Glucagon-like peptide-1 (GLP-1) plays a role in the regulation of glucose homeostasis via the stimulation of insulin secretion. The objective of this study was to evaluate the effect of extended colostrum feeding on plasma concentration of GLP-1. Holstein bull calves (n = 27) were fed pooled colostrum at 7.5% of birth body weight at 2 h after birth and then fed mature milk (M), a 50:50 mixture of pooled colostrum and milk (CM), or pooled colostrum (C; n = 9 for each treatment) at 5% of birth body weight at 12 h after birth and every 12 h thereafter until 72 h after birth. Blood samples were obtained before (1 and 2 h after birth) and after (until 72 h after birth; 42 time points) the first colostrum feeding, and plasma concentrations of glucose, insulin, and GLP-1 were measured. Data were analyzed by ANOVA of JMP 13 (SAS Institute Inc., Cary, NC) with treatment, time, and treatment × time interaction as fixed effects. Treatment × time interaction was observed for plasma insulin and glucose concentrations, which were mainly the result of lower concentrations from 1 to 2 d after birth for C compared with M. Conversely, on d 3 after birth, the difference between treatments was not observed for insulin and glucose.

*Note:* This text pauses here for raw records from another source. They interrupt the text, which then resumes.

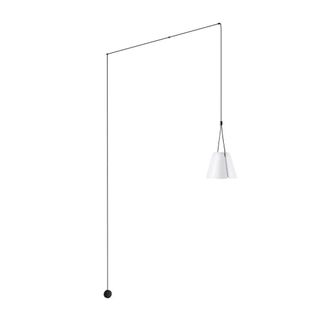 Netlighting Attic Wall Light Matt White 1x E27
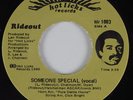 Modern Soul 45 LEN RIDEOUT Someone Special HOT LICKS HEAR NM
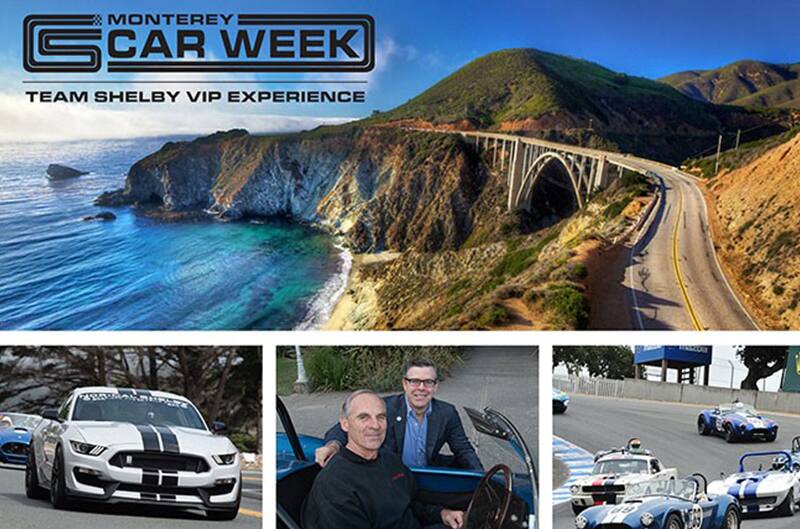 Monterey car week promotion, multiple photos in one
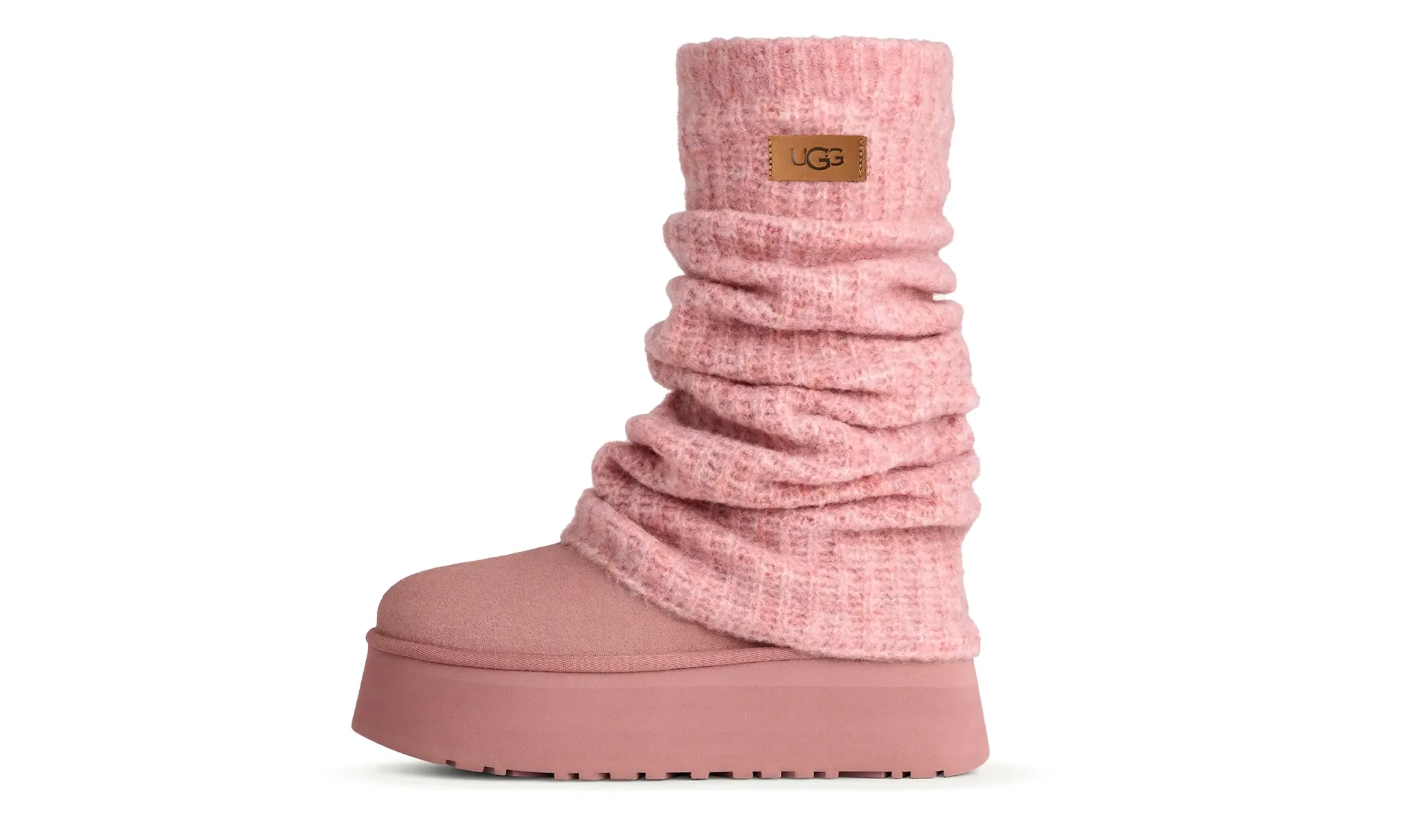 UGG W CALZE RUSTIC WEAVE モカシン 24.5 UGG W CALZE RUSTIC WEAVE モカシン 24.5 $_12.JPG?set_id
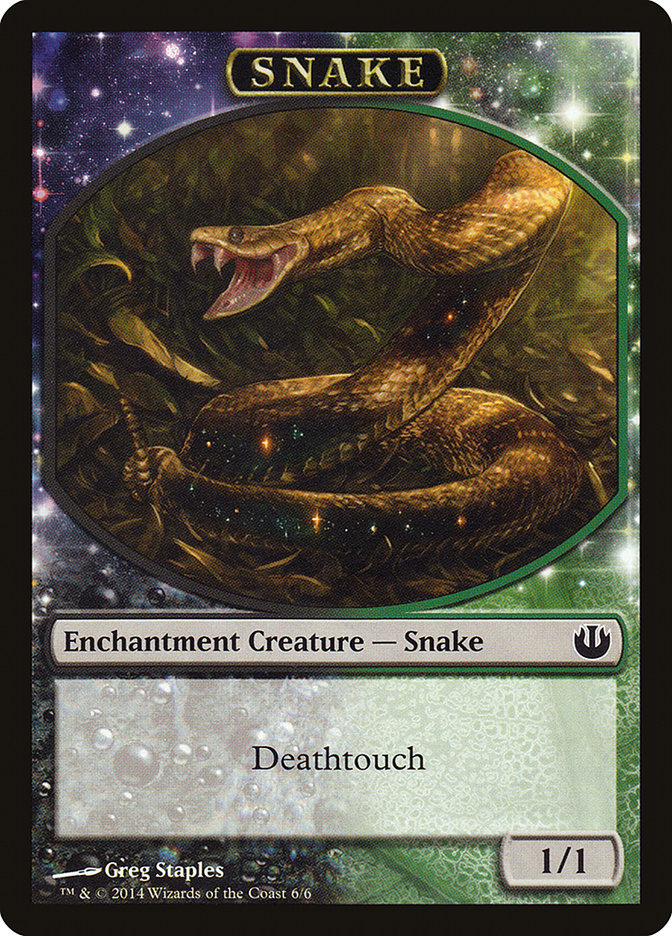 Snake [Journey into Nyx Tokens] | KingTCG.ca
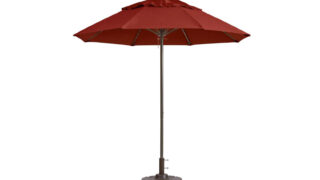 Windmaster 7.5′ Round Umbrella – Terra Cotta – gallery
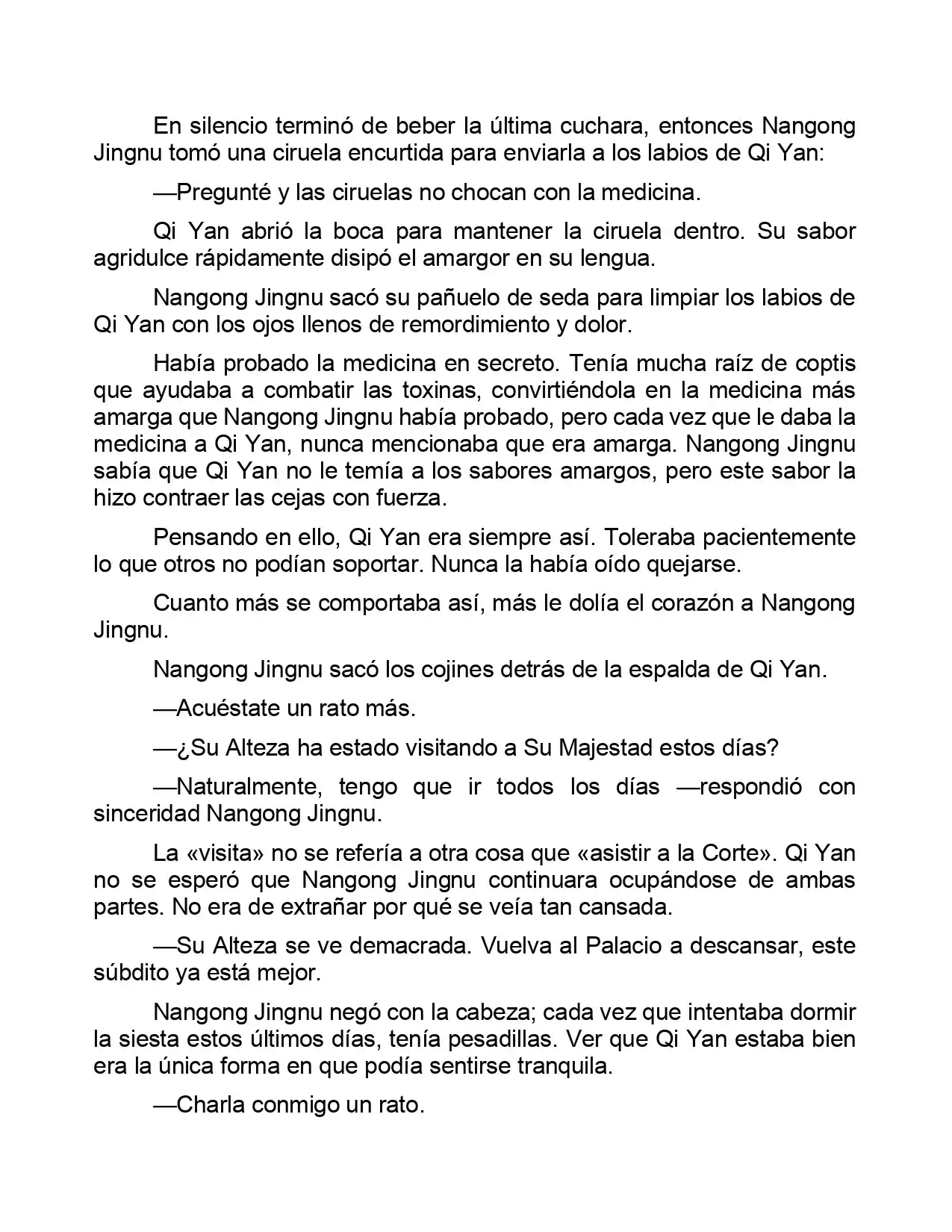 Jing Wei Qing Shang (Novela) - Capítulo 150 - Página 5 - LectorTMOo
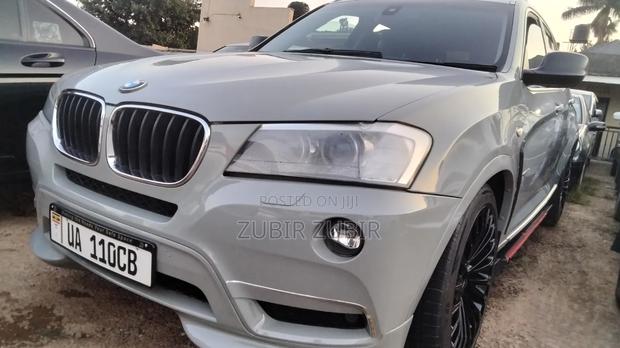 BMW X3 2013 Gray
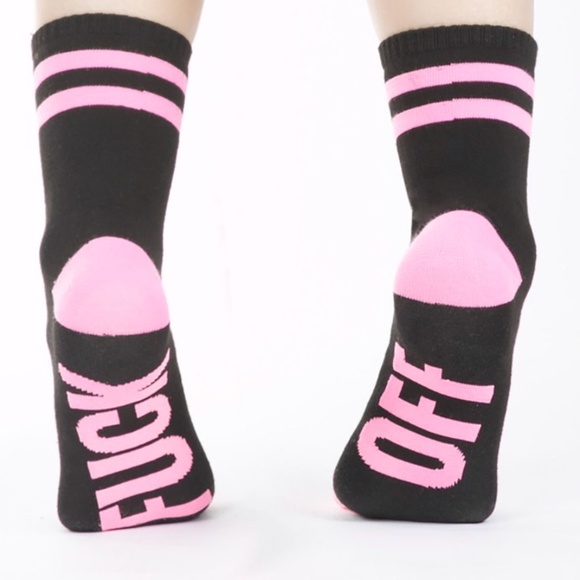 Pair of women's "F*ck Off" Socks/Naughty socks - Picture 1 of 2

For the entire experimental period, plasma GLP-1 concentration was higher for C (2.25 ng/mL) compared with M (1.41 ng/mL) and tended to be higher compared with CM (1.58 ng/mL). A treatment × time interaction was observed for GLP-1, but unlike glucose and insulin, this was mainly the result of higher concentrations from 54 to 72 h after birth (on d 3 after birth) for C compared with M or CM. Postprandial plasma concentration of glucose was not correlated with that of GLP-1 but was positively correlated with that of insulin for the 4-h period after feeding on d 1 (r = 0.30) and d 3 after birth (r = 0.33). Postprandial plasma concentration of GLP-1 was positively correlated with that of insulin for the 4-h period after feeding on d 3 after birth (r = 0.20). These results indicate that extended colostrum feeding may increase plasma GLP-1 concentrations, especially 3 d after birth, but further study is necessary to determine the effect on plasma insulin and glucose concentrations.